-- Opening Marker --

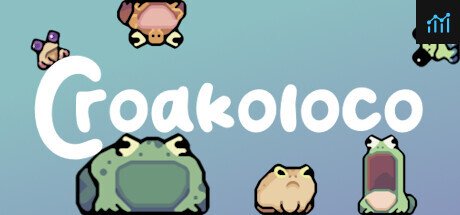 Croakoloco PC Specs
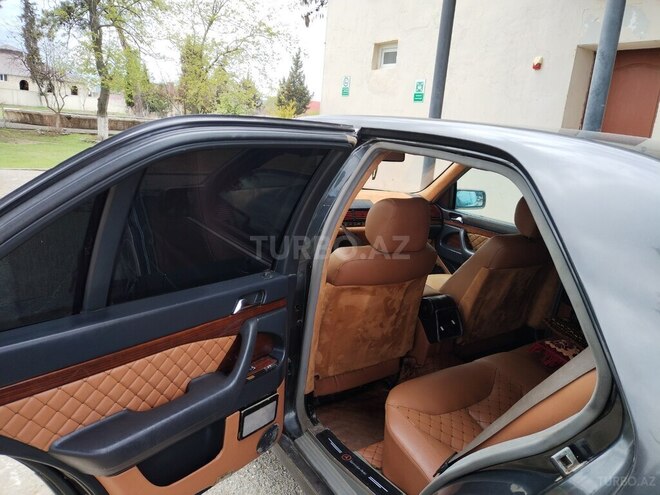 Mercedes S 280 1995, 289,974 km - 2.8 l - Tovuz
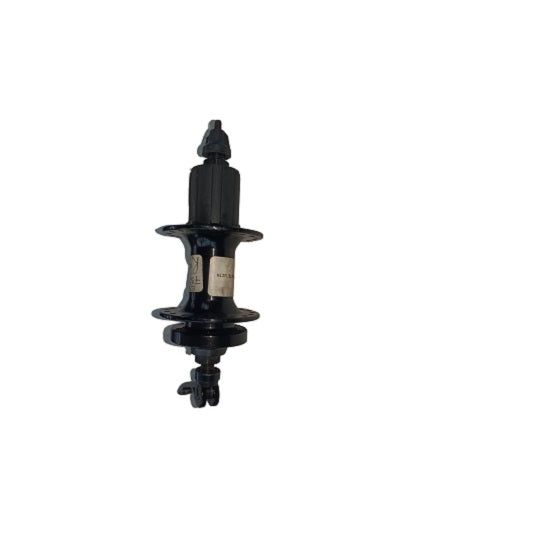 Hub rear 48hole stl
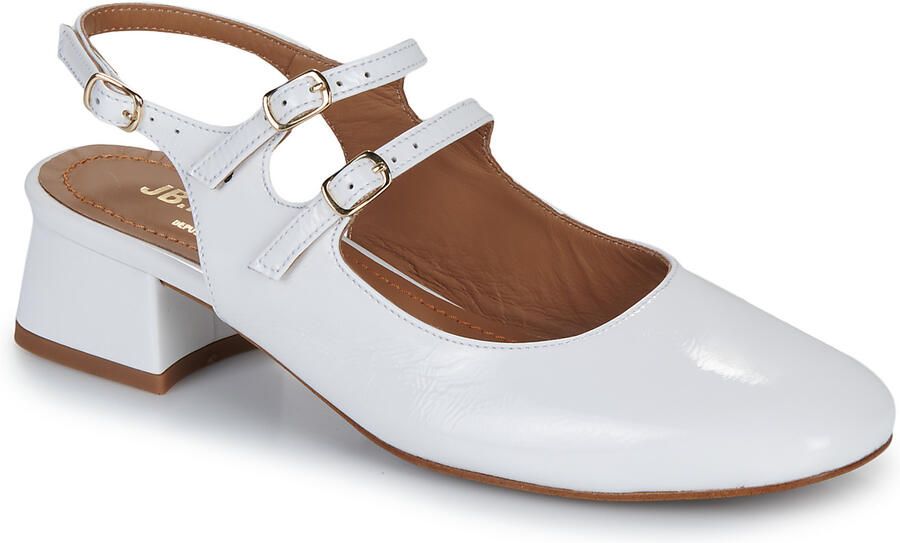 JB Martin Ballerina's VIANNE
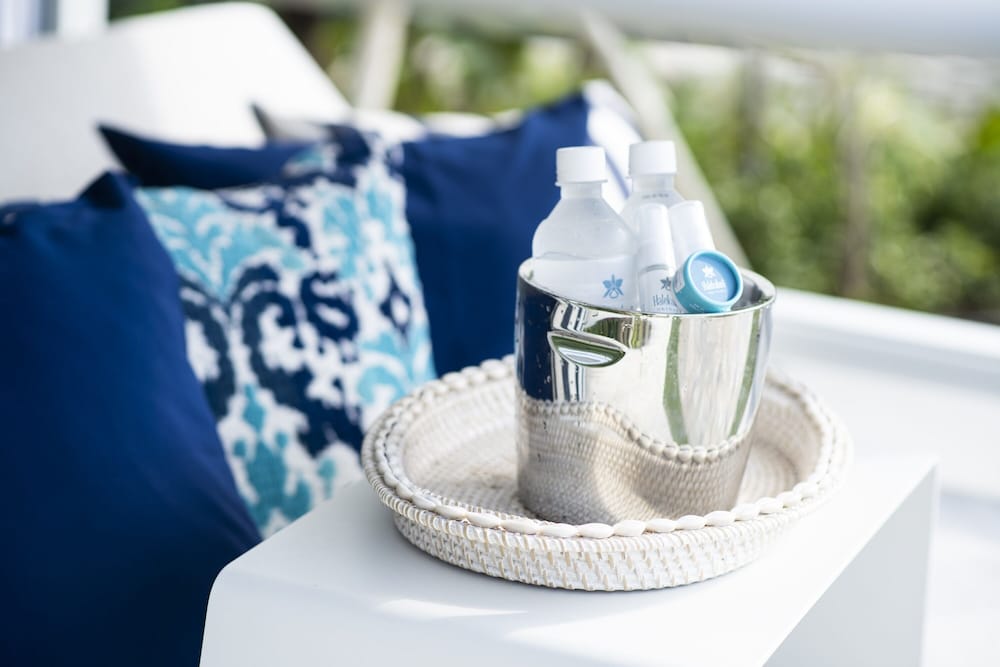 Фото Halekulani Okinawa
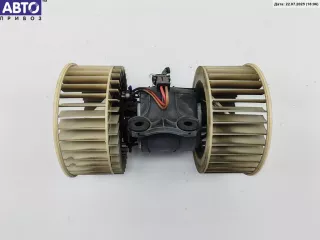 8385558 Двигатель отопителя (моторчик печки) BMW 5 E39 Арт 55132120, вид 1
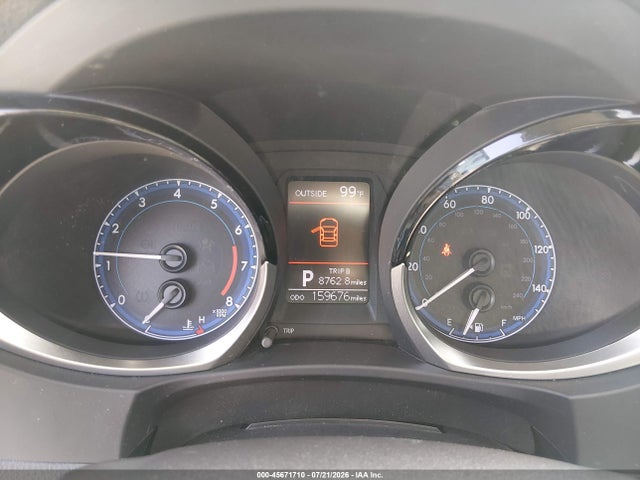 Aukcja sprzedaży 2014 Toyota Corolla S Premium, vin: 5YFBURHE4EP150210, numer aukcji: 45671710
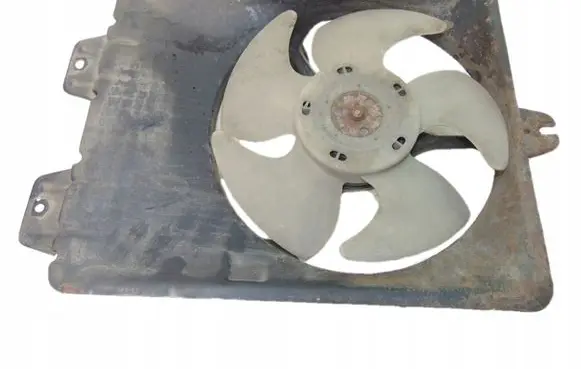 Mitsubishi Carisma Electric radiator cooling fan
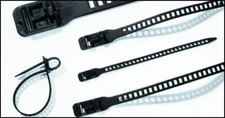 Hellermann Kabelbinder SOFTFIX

-- Closing Marker --
-- Opening Marker --

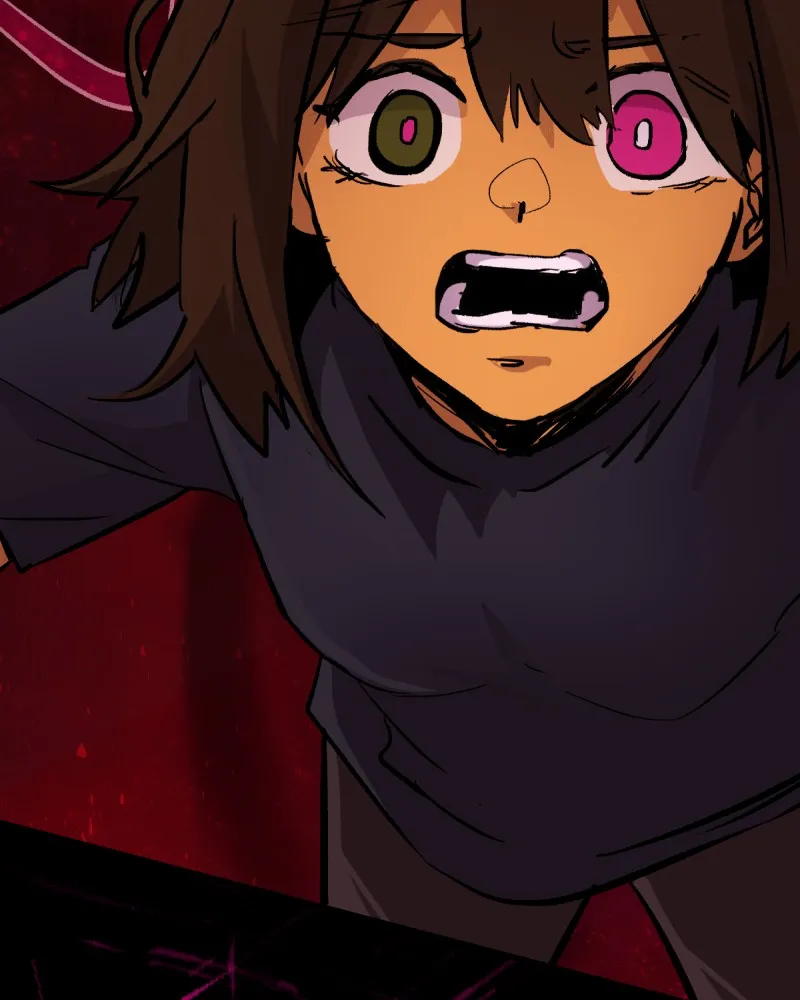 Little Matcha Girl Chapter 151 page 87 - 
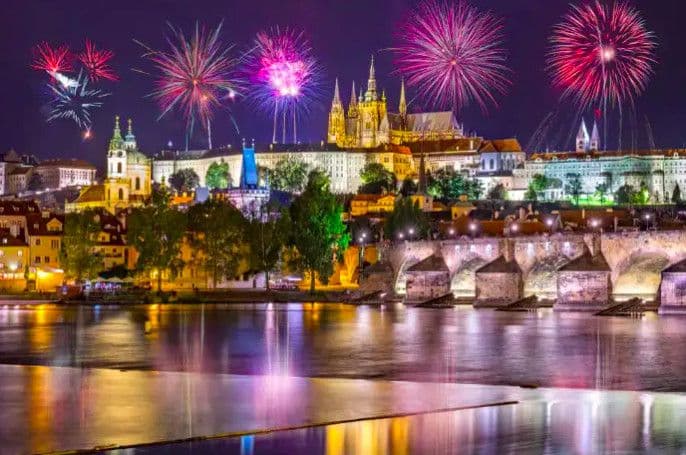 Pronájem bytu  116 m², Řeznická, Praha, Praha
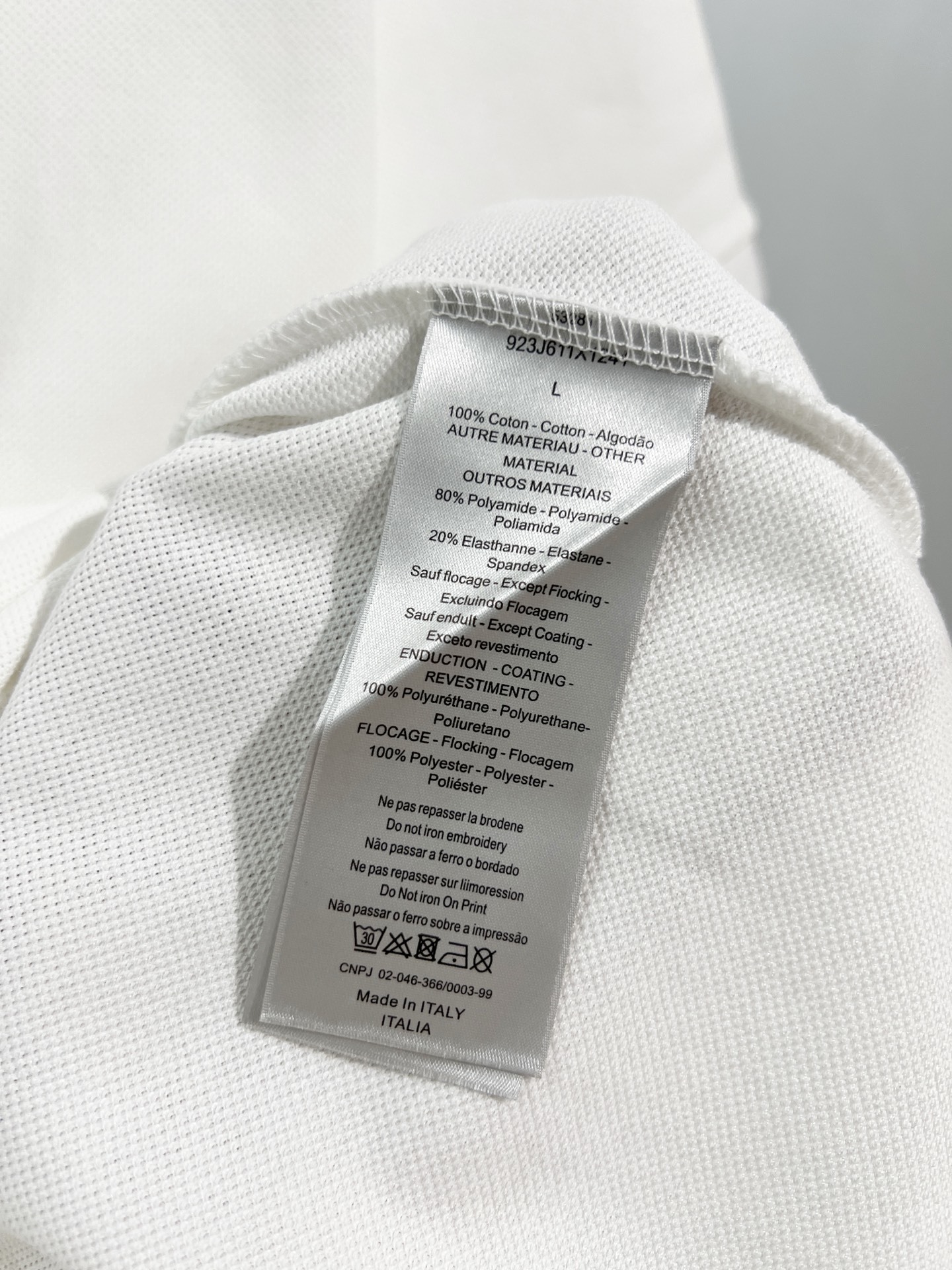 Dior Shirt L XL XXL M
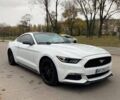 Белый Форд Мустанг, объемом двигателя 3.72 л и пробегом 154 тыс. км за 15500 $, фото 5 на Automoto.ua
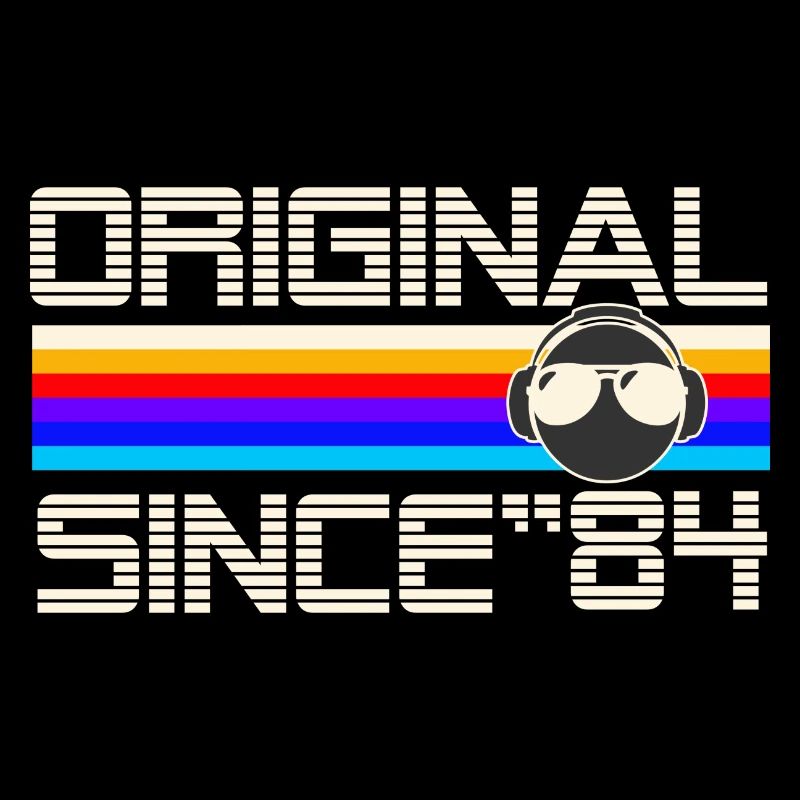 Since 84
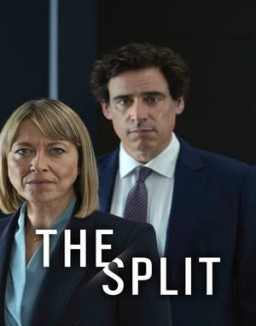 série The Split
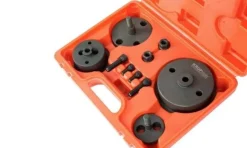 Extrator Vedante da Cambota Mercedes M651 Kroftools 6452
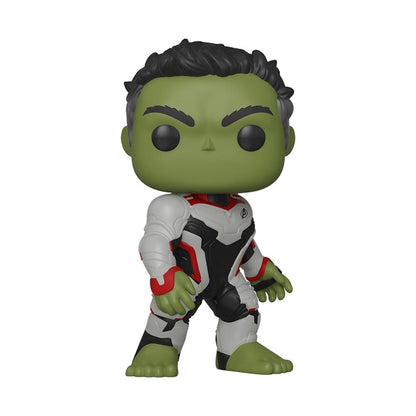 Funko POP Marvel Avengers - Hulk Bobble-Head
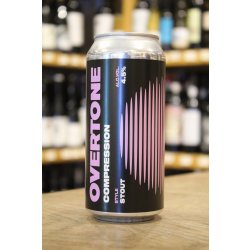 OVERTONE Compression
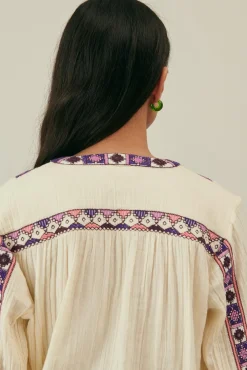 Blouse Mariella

-- Closing Marker --

Task = Drop the pictures; return the lines above from the line containing "Croakoloco PC Specs" to the line containing "Mitsubishi Carisma Electric", both included, exactly.

Response to this task =
 Croakoloco PC Specs
 Mercedes S 280 1995, 289,974 km - 2.8 l - Tovuz
 Hub rear 48hole stl
 JB Martin Ballerina's VIANNE
 Фото Halekulani Okinawa
 8385558 Двигатель отопителя (моторчик печки) BMW 5 E39 Арт 55132120, вид 1
 Aukcja sprzedaży 2014 Toyota Corolla S Premium, vin: 5YFBURHE4EP150210, numer aukcji: 45671710
 Mitsubishi Carisma Electric radiator cooling fan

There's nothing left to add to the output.